**Work item**.
Pictures in the material below are to be left out, and only the lines from the line with "Bureau de manucure" up to and including the line with "Laura Ashley ANIMALIA" are to be written out exactly.

=== Data ===

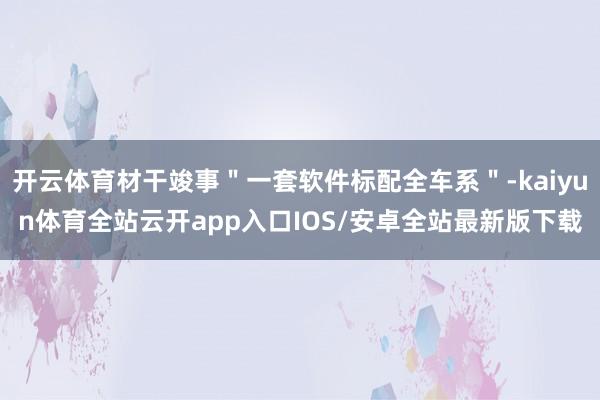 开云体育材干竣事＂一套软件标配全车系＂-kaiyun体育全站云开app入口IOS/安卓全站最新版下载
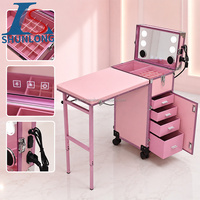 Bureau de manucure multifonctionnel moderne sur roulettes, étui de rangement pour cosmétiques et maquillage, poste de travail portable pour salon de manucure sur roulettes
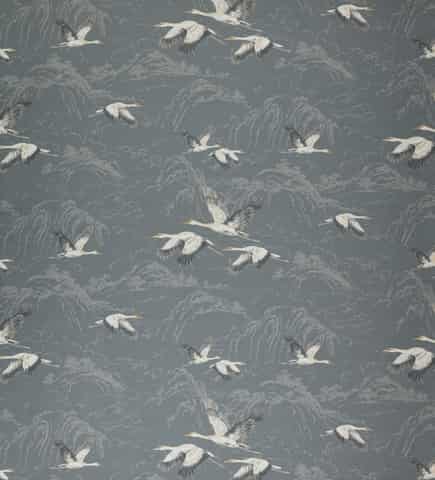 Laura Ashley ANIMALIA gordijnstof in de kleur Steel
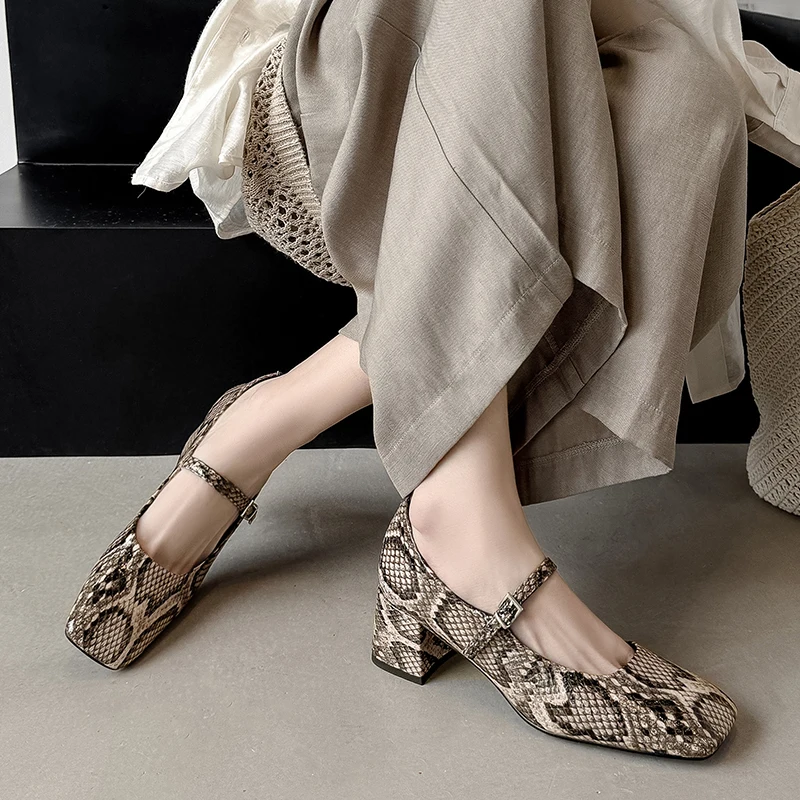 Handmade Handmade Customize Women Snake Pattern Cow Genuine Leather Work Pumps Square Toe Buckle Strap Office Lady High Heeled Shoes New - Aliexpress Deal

===
=== Data ===

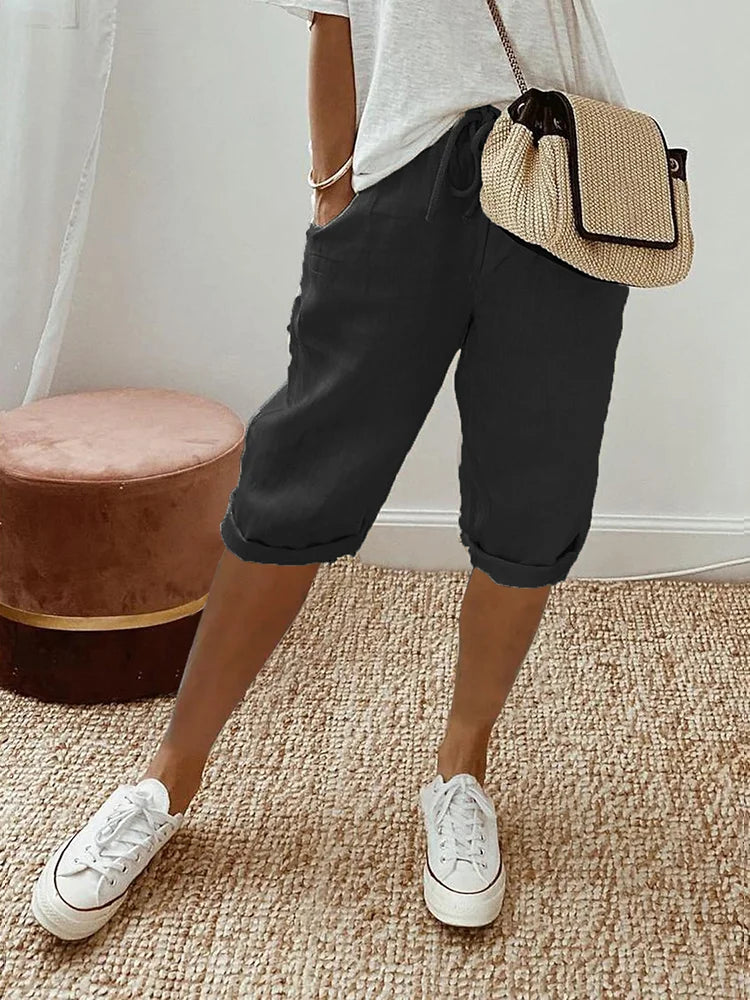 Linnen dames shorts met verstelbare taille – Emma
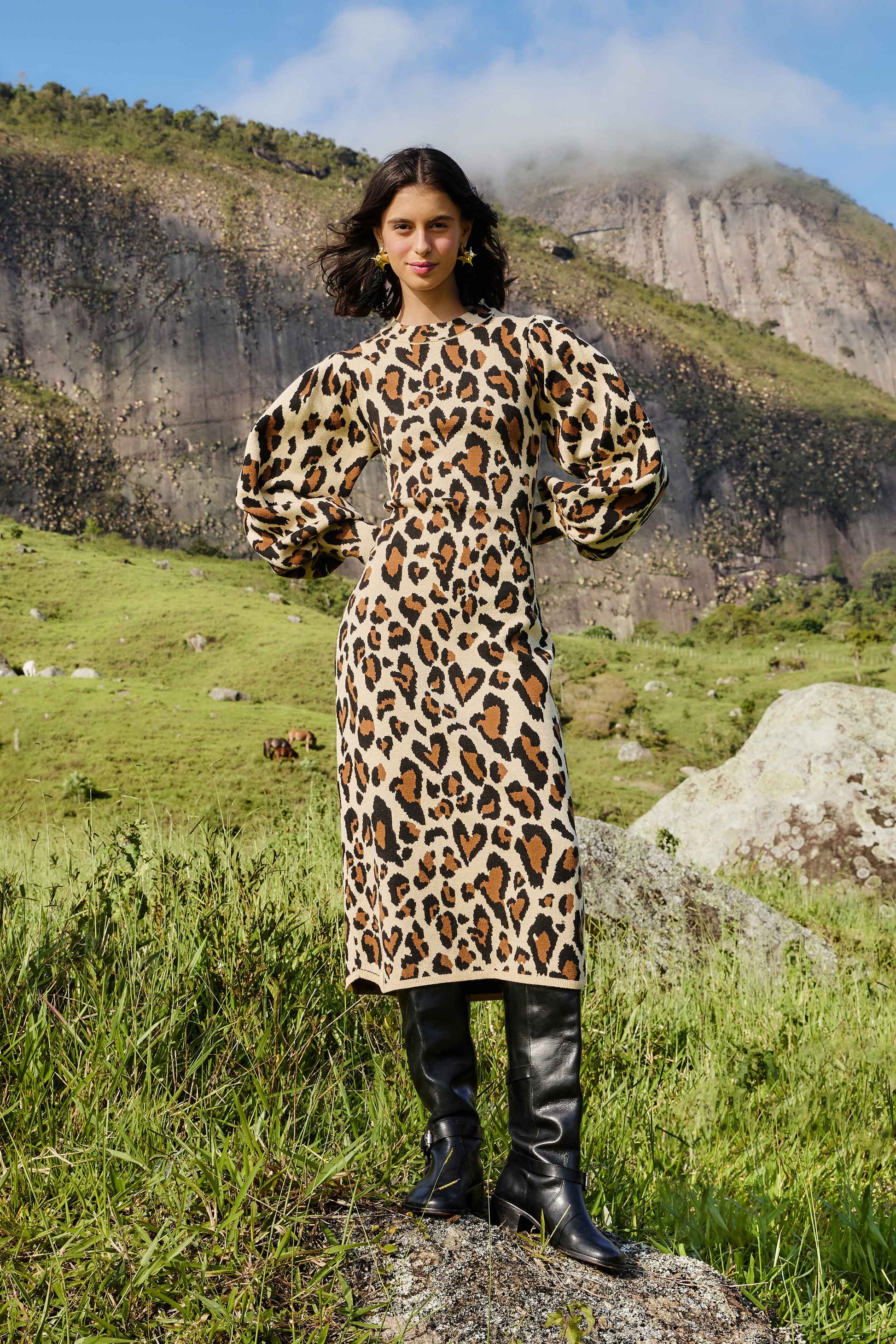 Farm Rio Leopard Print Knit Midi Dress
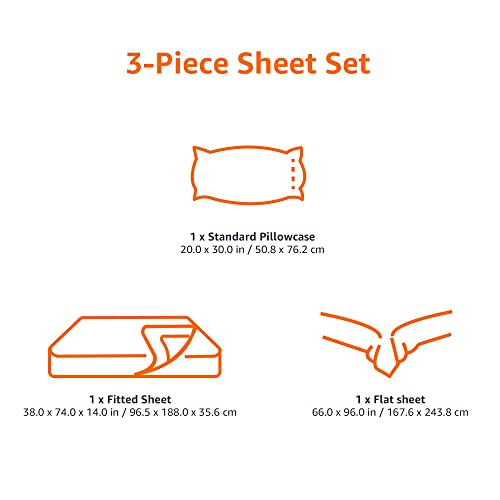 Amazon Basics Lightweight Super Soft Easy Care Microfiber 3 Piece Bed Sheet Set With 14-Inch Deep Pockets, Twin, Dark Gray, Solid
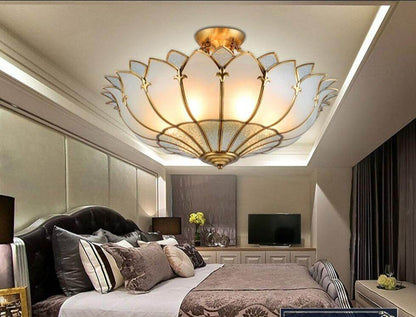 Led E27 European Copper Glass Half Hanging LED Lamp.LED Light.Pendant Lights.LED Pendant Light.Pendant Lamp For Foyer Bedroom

===
=== Data ===

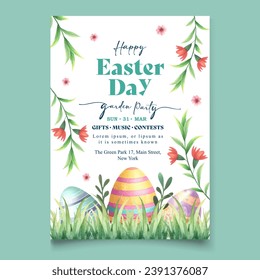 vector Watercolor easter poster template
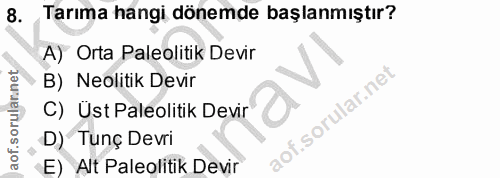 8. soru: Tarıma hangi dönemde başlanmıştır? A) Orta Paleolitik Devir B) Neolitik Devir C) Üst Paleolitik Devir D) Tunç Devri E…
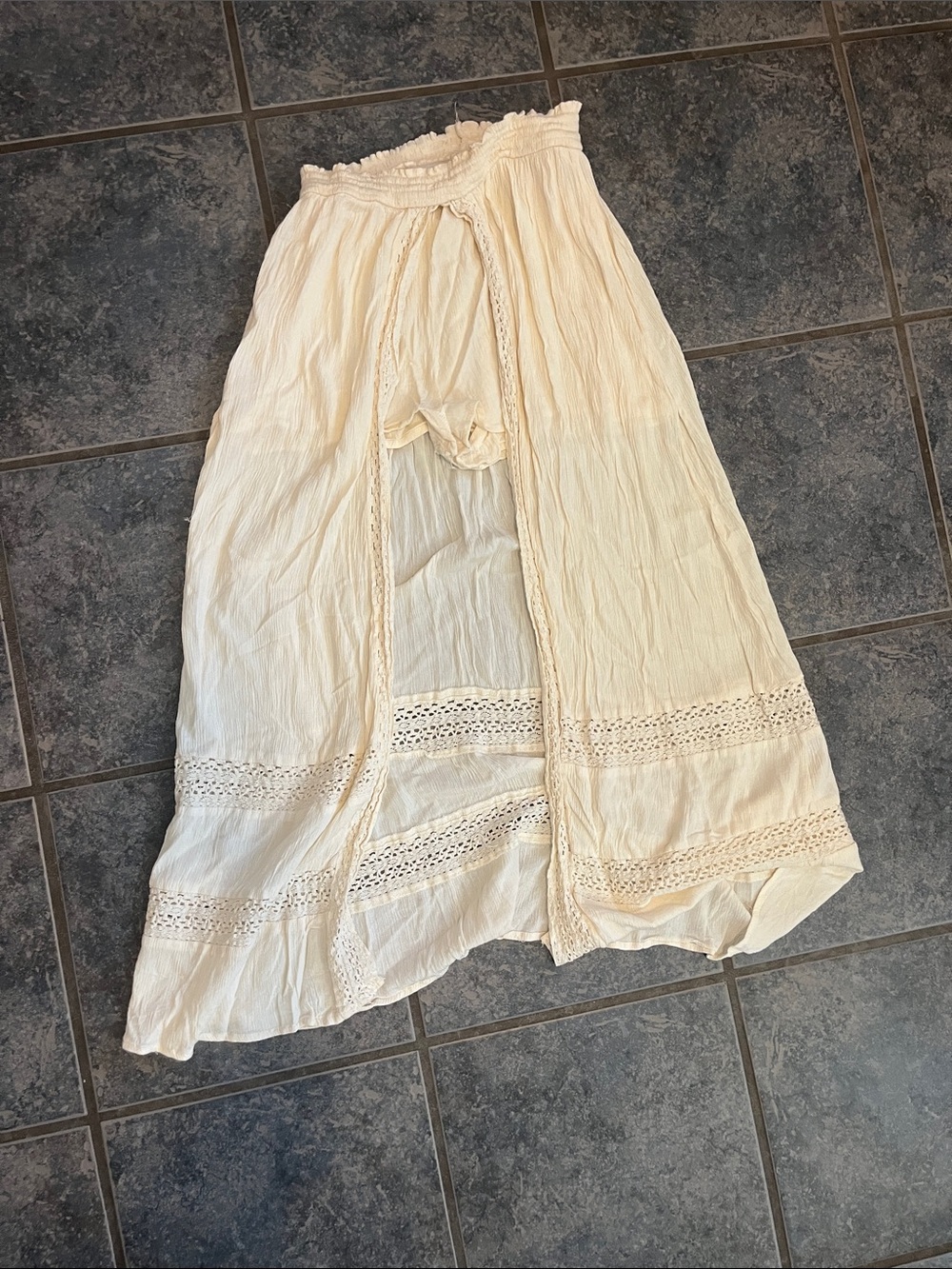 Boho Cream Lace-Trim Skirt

===

**Exercise output**.
 Bureau de manucure multifonctionnel moderne sur roulettes, étui de rangement pour cosmétiques et maquillage, poste de travail portable pour salon de manucure sur roulettes
 Laura Ashley ANIMALIA gordijnstof in de kleur Steel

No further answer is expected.